No mesmo dia, a desorientação governista se
refletiu na convocação do ministro Weintraub para explicar na Câmara o
contingenciamento de verbas na educação. O placar da convocação teve 307 votos
a favor – apenas um a menos do que o necessário para aprovar emendas
constitucionais. Assim, está mais claro do que nunca que o governo não conta
com apoio senão de alguns abnegados que se dizem bolsonaristas a despeito de
serem frequentemente maltratados pelo Palácio do Planalto.
Isso acontece, entre outras razões, porque o
governo não tem rumo. “Ainda não compreendemos, olhando a longo prazo, quais
são as políticas que esse governo trouxe para sobrepor os 13 anos de governo do
PT”, disse ao Valor o presidente da Câmara, Rodrigo Maia (DEM-RJ). “Até agora a
gente não entendeu qual é essa agenda.”
Tal incompreensão é resultado da forma atabalhoada
com que o presidente comunica suas decisões, inclusive para seus assessores.
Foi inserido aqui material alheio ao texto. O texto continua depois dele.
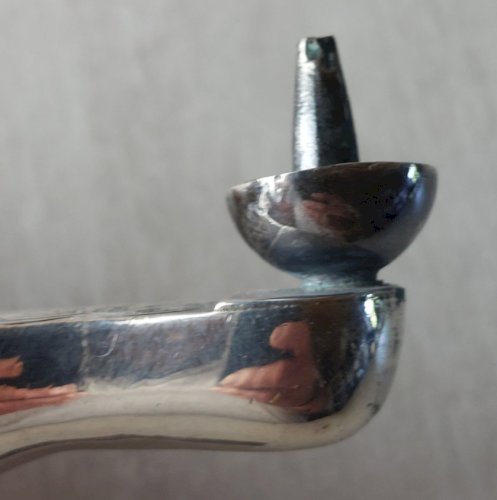 Ancienne petite lampe à huile miniature / Aladin, en argent ^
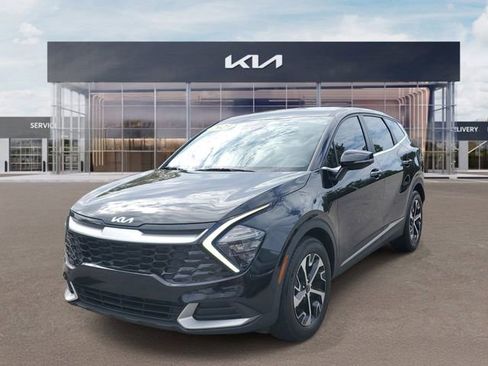 Used 2023 Kia Sportage EX FWD image 3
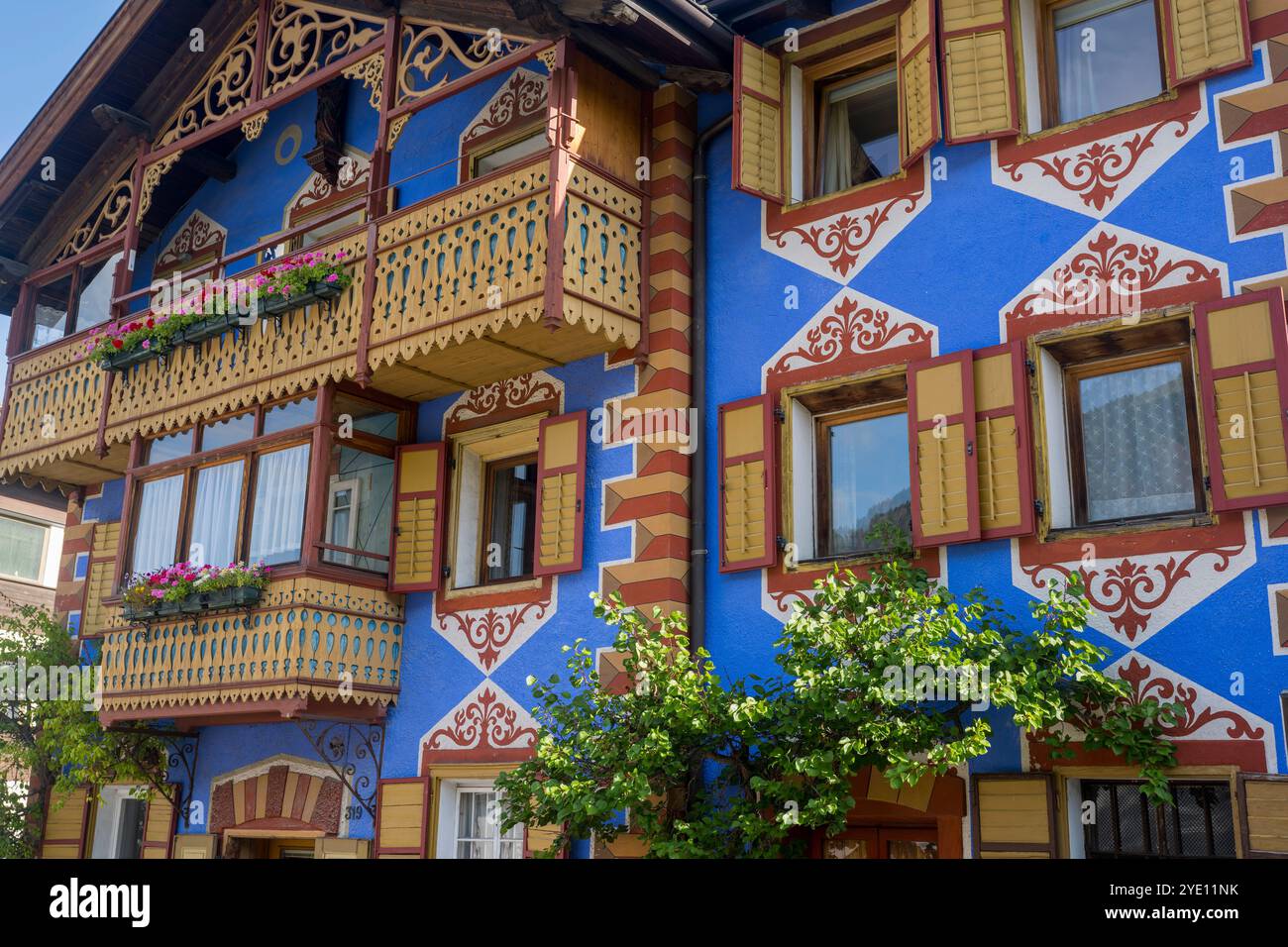 Una casa colorata a Ortisei in Val Gardena, Dolomiti, alto Adige e Nord Italia. Foto Stock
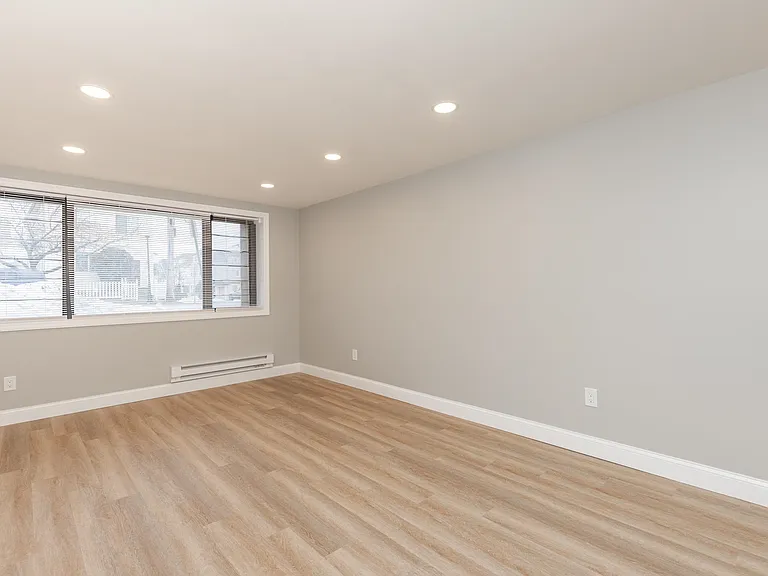 100 Lakeview Ave #1B — Photo 2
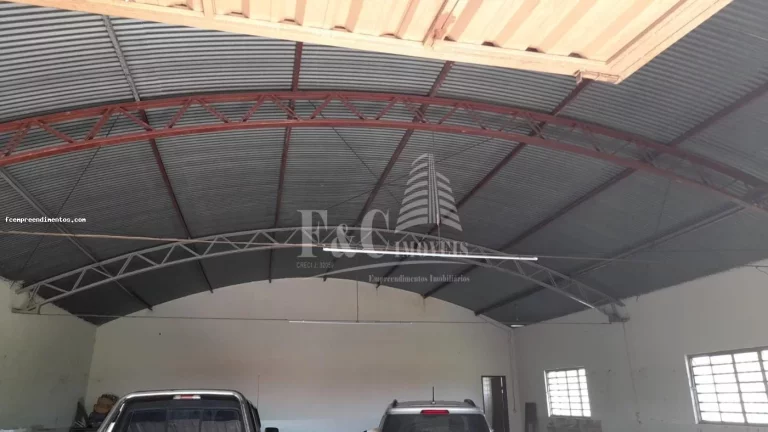 Imagem Chácara para Venda em Limeira, Rodovia Anhanguera, 3 dormitórios, 2 suítes, 1 banheiro, 5 vagas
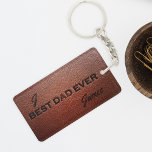Bester Papa-Monogramm-Name je personalisiert Schlüsselanhänger<br><div class="desc">Vintage Typografie braunes Leder besten Papa je zitieren geprägt mit Monogramm und Name Schlüsselanhänger.</div>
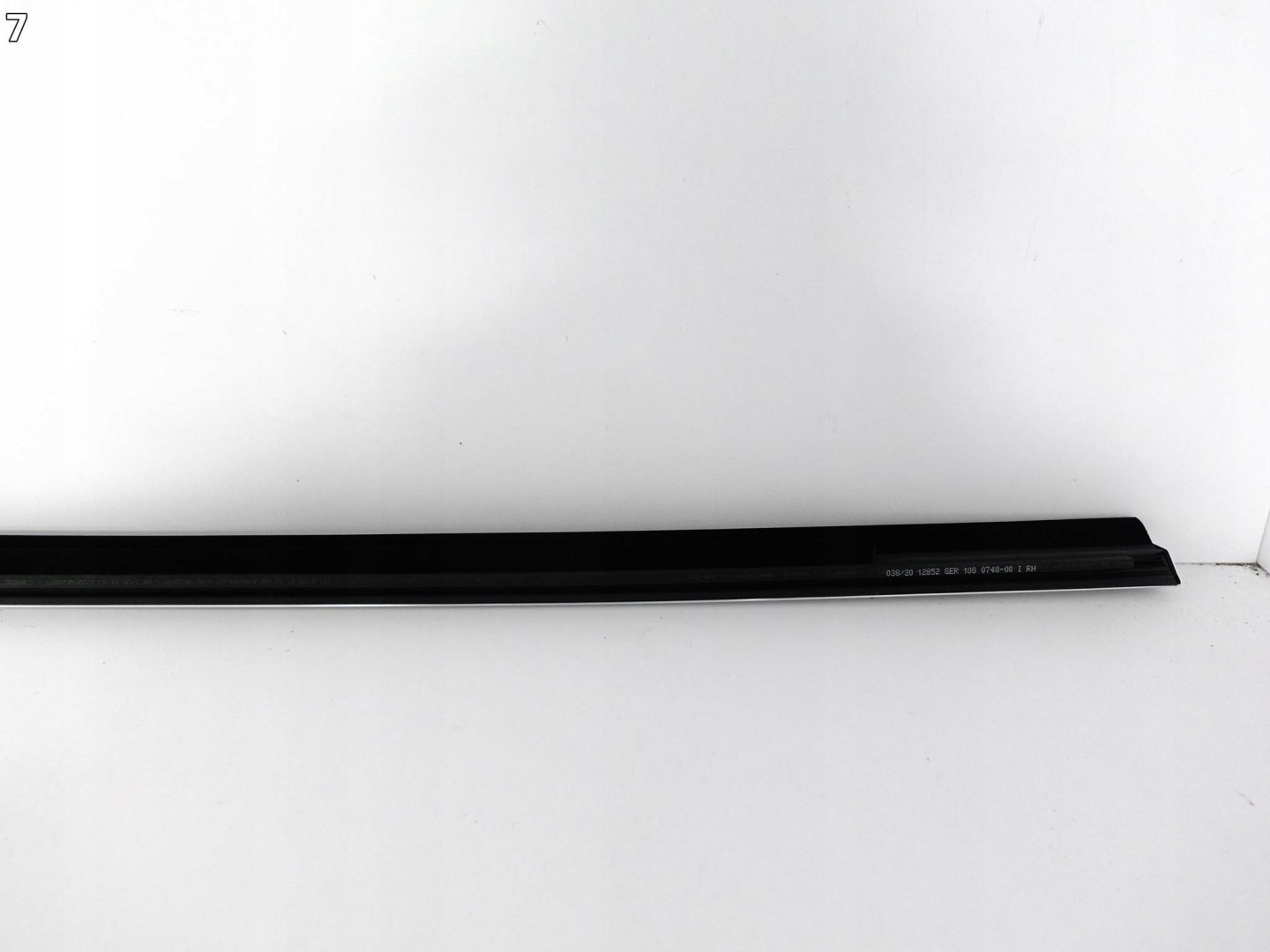 TESLA MODEL 3 17- moulding dust door PRAWYCH rear part CHROM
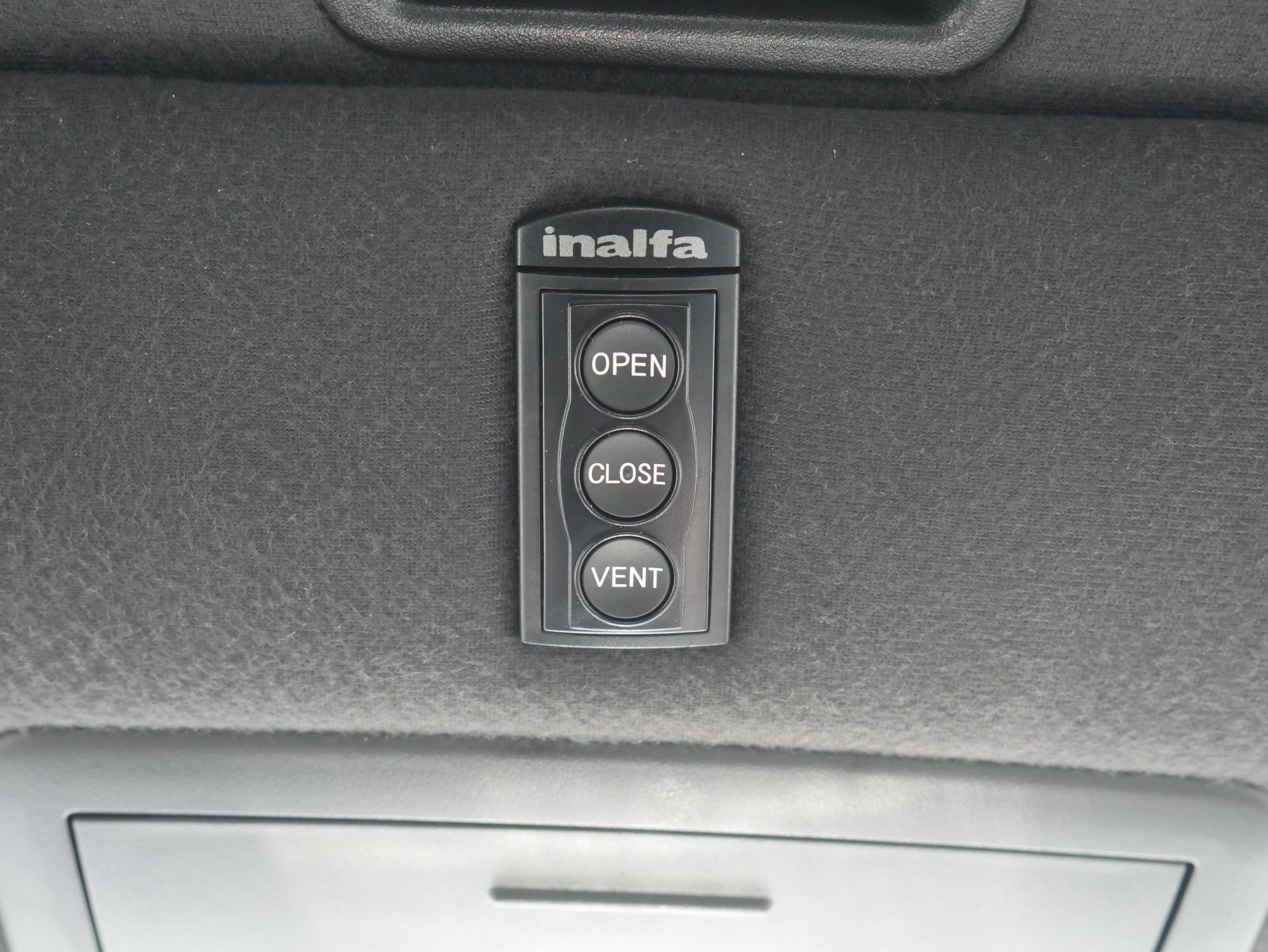 Used 2011 Dodge Challenger RWD image 27
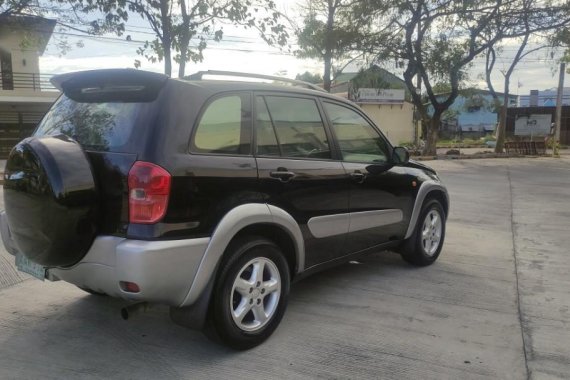 Selling Black Toyota RAV4 2002 in Cavite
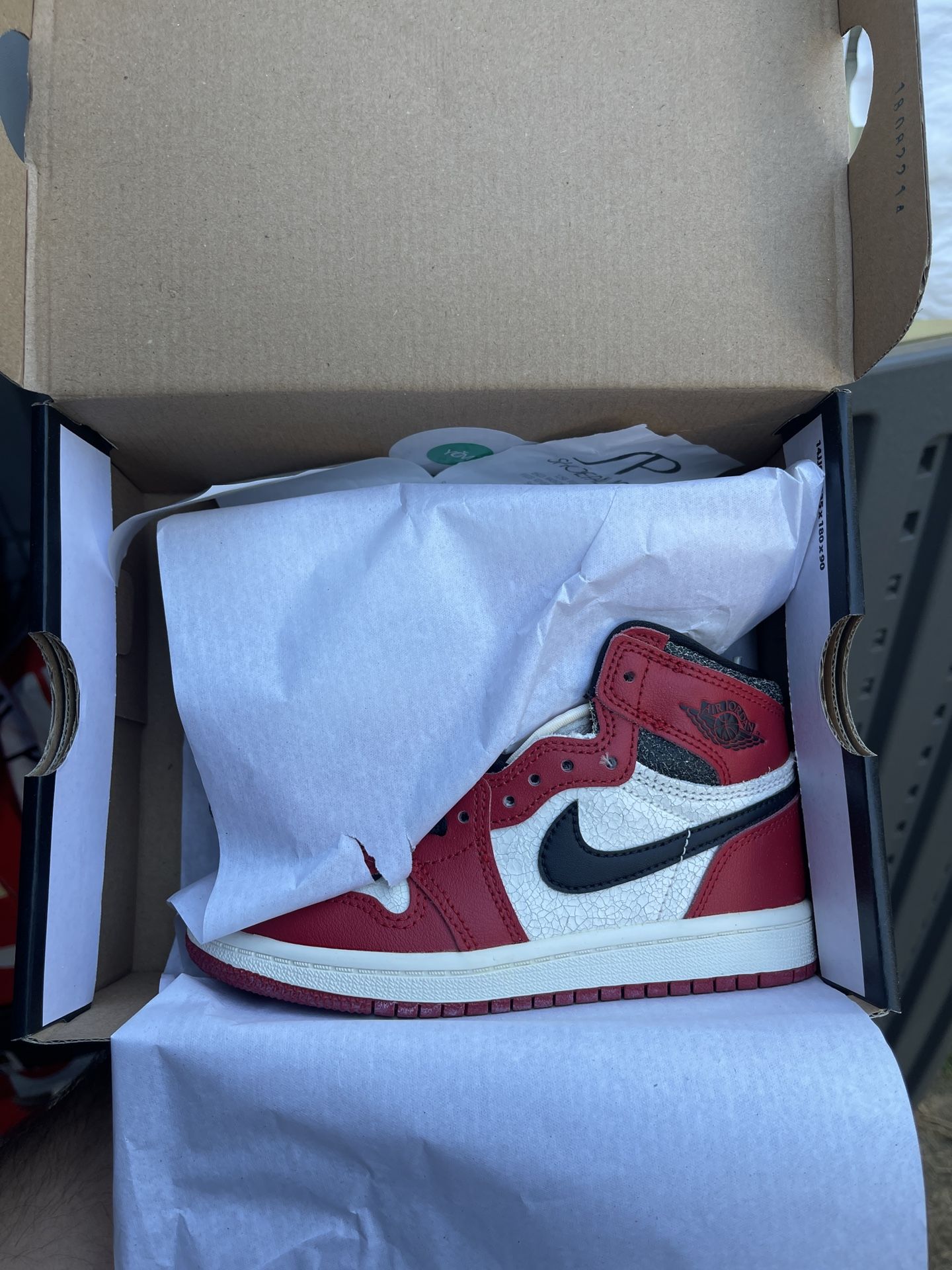 AIR JORDAN 1 LOST AND FOUND 9C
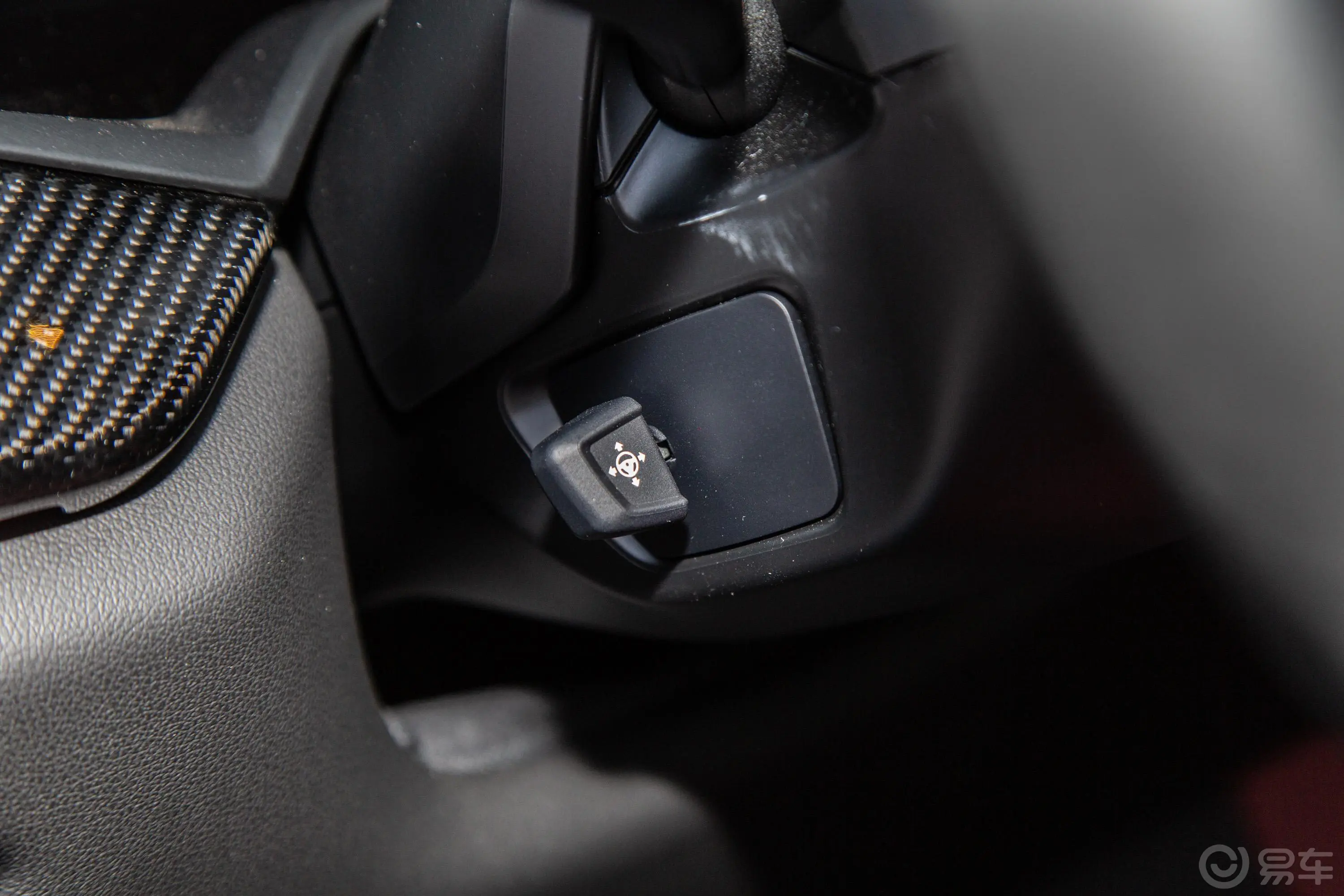 宝马X6xDrive40i M运动套装方向盘调节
Recentemente, anunciou ter orientado o ministro Paulo Guedes a corrigir a
tabela do Imposto de Renda (IR) pela inflação – o que pegou de surpresa a
equipe econômica. No Senado, o ministro Guedes foi enfático: “(Foi) o
presidente que falou que atualizaria a tabela de IR pela inflação. Eu não disse
nada. Estamos no meio de uma batalha (a reforma da Previdência). Não adianta me
distrair com outra”.
Em menos de cinco
meses de governo, a lista de mal-entendidos presidenciais já é longa – inclui
gestões indevidas para a queda dos juros dos bancos públicos e do preço do
diesel, com forte impacto negativo nos mercados. Para o vice-presidente
Hamilton Mourão, o governo tem “falhado na comunicação”. De fato. Mas o
problema é que só consegue se comunicar quem tem o que dizer e sabe o que quer
– condições às quais o presidente, até agora, está muito longe de
atender.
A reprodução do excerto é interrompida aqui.